As she waits for her children to return home from school, Dellarobia walks outside and contemplates the changes that have occurred in her life since the arrival of the butterflies. Like them, she has broken a natural pattern and is going to someplace new and out of the ordinary. Dellarobia thinks of her state of mind that day when she first walked up the path to escape her marriage via an affair—the day when the butterflies first appeared. She walks up the trail and observes the butterflies, “her eyes held steady on the fire bursts of wings reflected across the water, a merging of flame and flood” (596). The butterflies are flying out to a new earth, and Dellarobia will now do the same.

Chapters 13-14 Analysis

The final chapters encompass the final growth of Dellarobia’s character. Learning her mother-in-law’s secrets and finally gaining the courage to talk to Cub about ending their marriage have caused Dellarobia to follow the example of the butterflies and be as faithful to her nature as possible. Once the Turnbow land has been secured and made safe from logging, Dellarobia feels confident in making a significant change in her life. Her decision to leave Cub and pursue her education resolves the questions the novel has raised about The Complexities of Marriage and Motherhood. Rather than remaining in an unfulfilling marriage for the sake of her children, Dellarobia realizes she can serve them better by embracing her own needs and desires.

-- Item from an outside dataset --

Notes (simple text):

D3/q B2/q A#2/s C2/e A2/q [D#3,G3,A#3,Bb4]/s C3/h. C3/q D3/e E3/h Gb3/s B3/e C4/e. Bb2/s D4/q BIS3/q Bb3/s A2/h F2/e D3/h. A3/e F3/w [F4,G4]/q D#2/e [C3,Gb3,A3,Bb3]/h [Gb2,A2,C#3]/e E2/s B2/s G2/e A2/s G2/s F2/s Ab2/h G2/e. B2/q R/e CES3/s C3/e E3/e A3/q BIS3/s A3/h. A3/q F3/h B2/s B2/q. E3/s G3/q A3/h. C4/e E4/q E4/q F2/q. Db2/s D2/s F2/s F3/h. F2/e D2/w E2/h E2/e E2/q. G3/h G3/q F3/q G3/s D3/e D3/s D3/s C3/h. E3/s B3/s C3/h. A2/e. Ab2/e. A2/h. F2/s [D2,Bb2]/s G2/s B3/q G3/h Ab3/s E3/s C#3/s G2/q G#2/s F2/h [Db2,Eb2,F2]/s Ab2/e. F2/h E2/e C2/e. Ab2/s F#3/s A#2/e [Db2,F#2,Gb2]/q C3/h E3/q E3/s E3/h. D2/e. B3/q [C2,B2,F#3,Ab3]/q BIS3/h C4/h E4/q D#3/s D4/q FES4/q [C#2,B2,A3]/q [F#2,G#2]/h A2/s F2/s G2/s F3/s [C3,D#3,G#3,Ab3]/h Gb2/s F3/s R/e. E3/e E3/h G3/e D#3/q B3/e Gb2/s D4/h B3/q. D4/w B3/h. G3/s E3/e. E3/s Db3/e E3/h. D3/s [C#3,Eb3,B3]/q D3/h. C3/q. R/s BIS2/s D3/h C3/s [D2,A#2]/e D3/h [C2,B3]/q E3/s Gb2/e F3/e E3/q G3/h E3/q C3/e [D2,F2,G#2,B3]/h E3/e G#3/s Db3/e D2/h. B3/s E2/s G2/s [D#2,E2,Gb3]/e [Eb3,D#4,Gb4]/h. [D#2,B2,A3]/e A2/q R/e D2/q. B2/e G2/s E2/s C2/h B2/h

The newborn lamb Dellarobia saves plays an important role in this process. Dellarobia, who has never moved past the loss of her own premature baby, fights with everything she has to save the lamb. She ends up being successful, but the moment also clarifies the need to move on, symbolically allowing her to move past the pregnancy and miscarriage that tied her to Cub. That her marriage to Cub begins with a death and ends with new life also underscores that (as she tells him) the relationship was not a total “waste”: Good can arise even from mistakes.

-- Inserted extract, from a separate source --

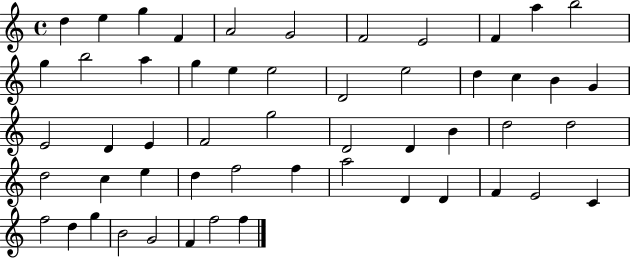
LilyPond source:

This is key to the resolution not only of Dellarobia’s storyline but to the novel’s stance on Nature, Life, and Rebirth in the context of climate change. As Dellarobia and Preston see evidence of butterfly bud colonies, they walk up the path together. Dellarobia tells Preston that they are moving away and separating from Cub. Although it will be a struggle, they must learn to thrive on a new earth or perish. Implicitly, the same is true of humanity and its home, but the fact that Dellarobia appears bound for a better future after all her missteps implies that the same may be true of the planet.